__DATASET SECTION__.

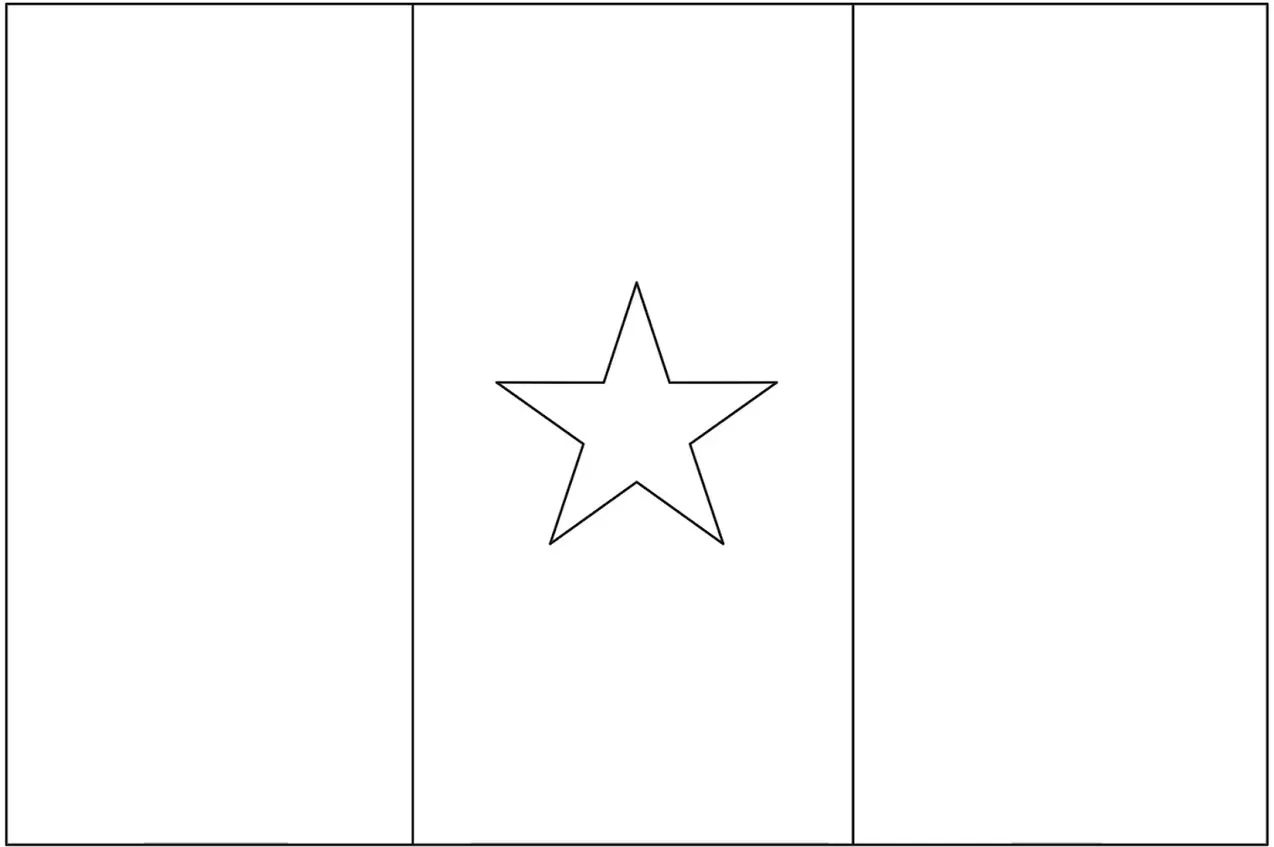 Bandeira dos Camarões dentro da letra C. Listras verde, vermelha com estrela amarela e amarela.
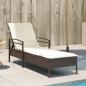 Preview: ARDEBO.de - Sonnenliege mit Auflage Braun 63x200x81 cm Poly Rattan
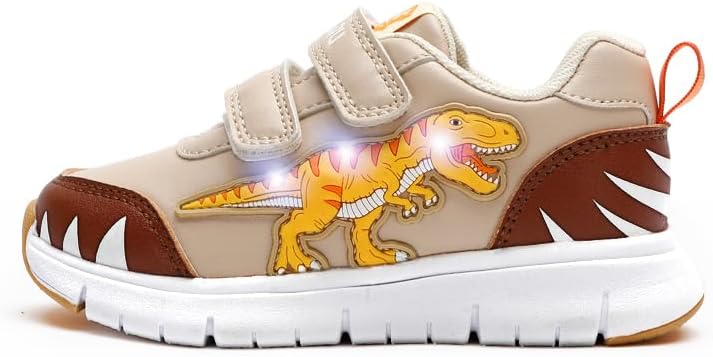 

Детские светящиеся кроссовки с мультяшными динозаврами для мальчиков и девочек, спортивные кроссовки для малышей Exdino, бежевый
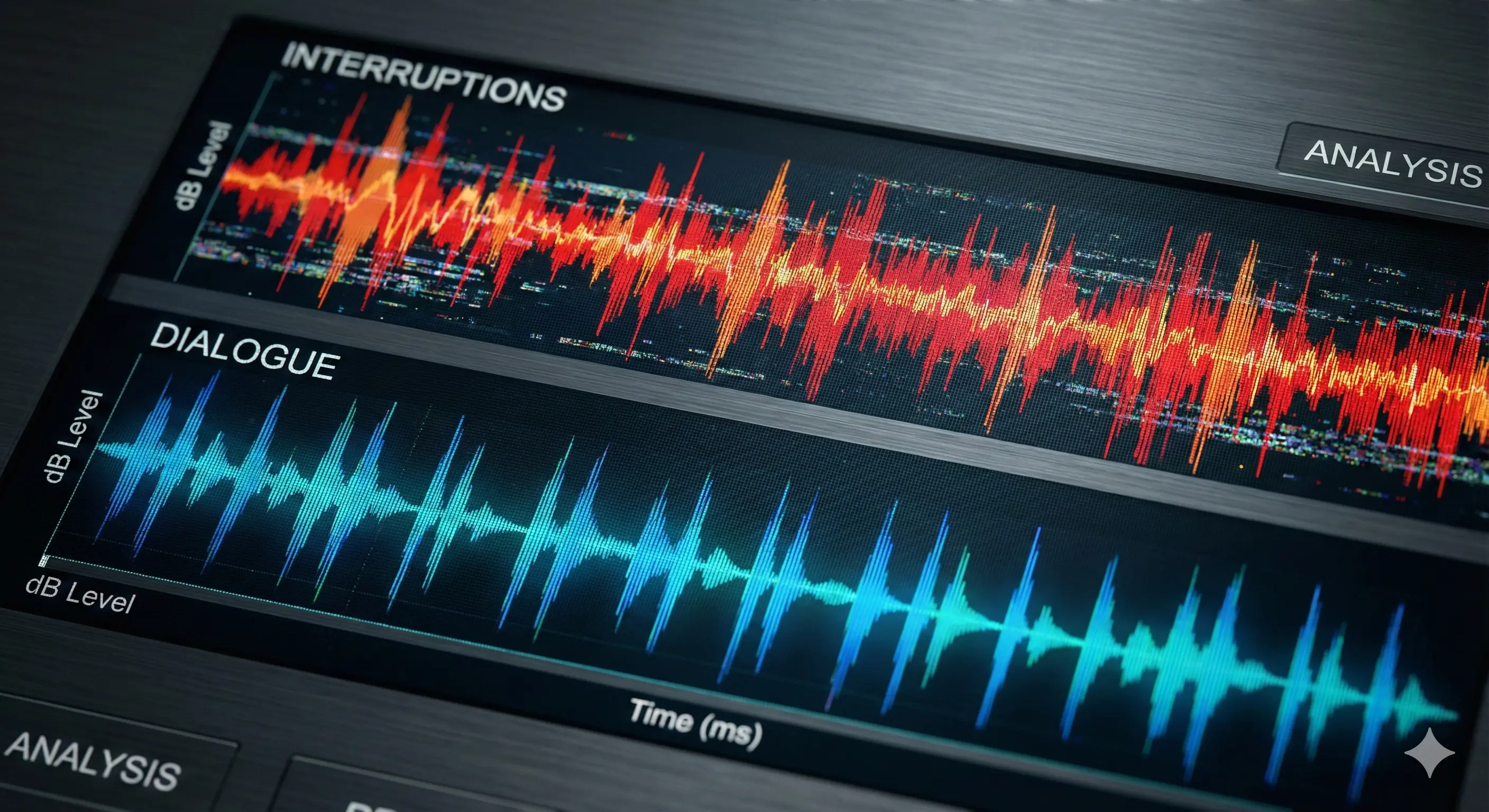 Иллюстрация: Два графика звуковой волны. Сверху 'Плохой диалог' с наложениями красным цветом. Снизу 'Идеальный диалог' с очередностью реплик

__TASK PROMPT__.
Please output all of the data exactly as given, omitting any images it holds.

__COMPLETED TASK__.
 Bandeira dos Camarões dentro da letra C. Listras verde, vermelha com estrela amarela e amarela.
 Preview: ARDEBO.de - Sonnenliege mit Auflage Braun 63x200x81 cm Poly Rattan

Детские светящиеся кроссовки с мультяшными динозаврами для мальчиков и девочек, спортивные кроссовки для малышей Exdino, бежевый
 Иллюстрация: Два графика звуковой волны. Сверху 'Плохой диалог' с наложениями красным цветом. Снизу 'Идеальный диалог' с очередностью реплик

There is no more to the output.